If the last computer-based racing game you played was Pole Position, the idea that someone could jump from behind a computer screen to behind the wheel of a racecar rather seamlessly is ludicrous. In the current world of iRacing, where it’s no longer a game but a simulation of the real thing, the idea is not so far-fetched.

“iRacing is unlike any other video game or simulator out there. I’m the marketing guy, so this is going to sound like marketing speak, but we’re the most accurate,” explains iRacing’s Kevin Bobbitt, the Director of Marketing. “We laser scan our tracks, so any track that you have in iRacing is literally millimeter accurate. The same level of detail goes into the cars we build. The MX-5 [Cup car] that we built, we built with data from Mazda. Every car that we have is licensed, so we use CAD data, we use engine data, we use aero data, and then we’ll work with teams to get data from them.

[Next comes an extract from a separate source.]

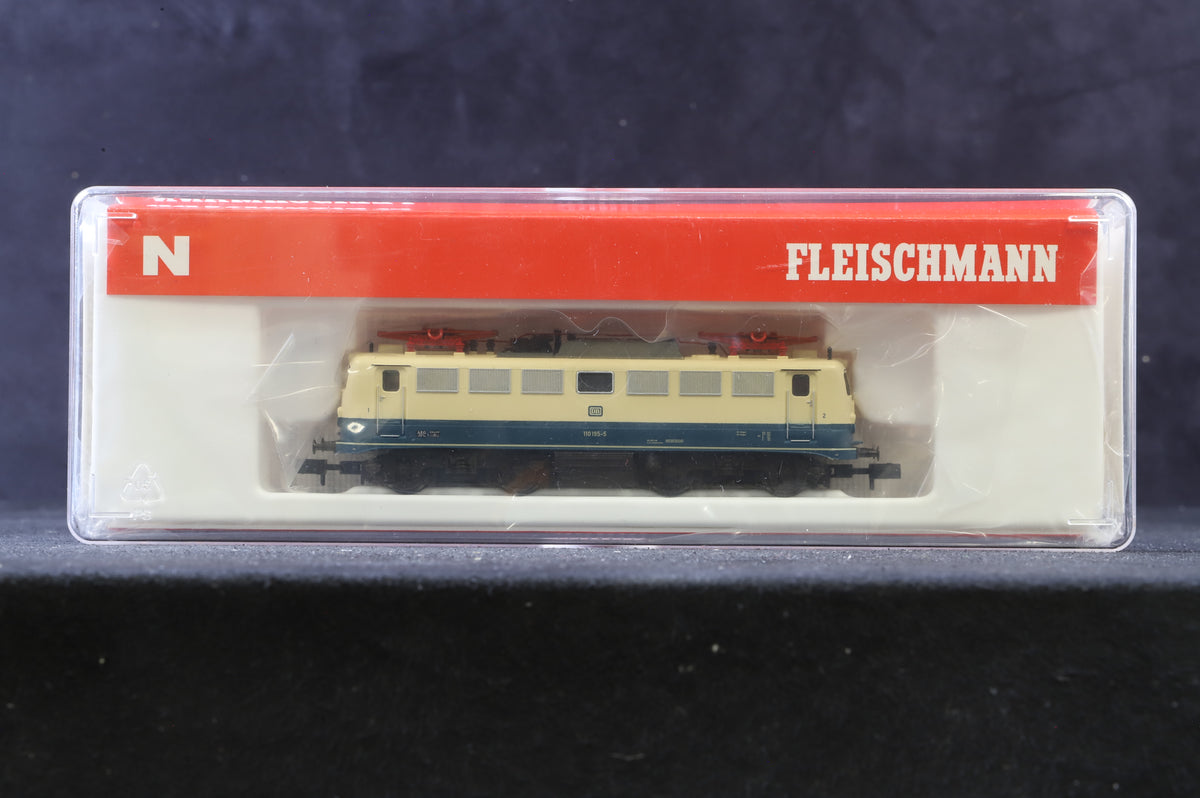 Fleischmann N Gauge 733501 DB Deutsche Bundesbahn BR 110 in DB Blue and Cream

So we start with a car that’s built exactly the way Mazda says it is, then we go to the teams and say, ‘How do you set them up?’ We’ll get data from teams and we’ll get drivers that actually race these things in the real world to say, ‘Yeah, that drives like it, you built it right,’ or ‘We might need to tweak this a little bit.’ Then we can make adjustments to make sure the car handles the proper way.”

Thus a couple of drivers – without a lot of real-world experience who were also the winners of an iRacing season of MX-5 Cup competition – were able to step into the real cars at Buttonwillow Raceway Park and not only not make fools of themselves, but acquit themselves admirably. Steven Diem and Evan Maillard showed up at the Mazda Club Racer Shootout and were able to run competitive times. Although each does have some racing experience, their combined laps are a blip on the radar compared to some of the other contenders.

“They’re driving the same car. The same inputs you need to drive the real MX-5, you need to use in iRacing. It’s not just a video game where you mash the gas, go, turn the wheel and it magically sticks. If the MX-5 has grip in a particular corner in the real world, it has it in iRacing. If you can drive flat through a particular corner, you can do that in iRacing.”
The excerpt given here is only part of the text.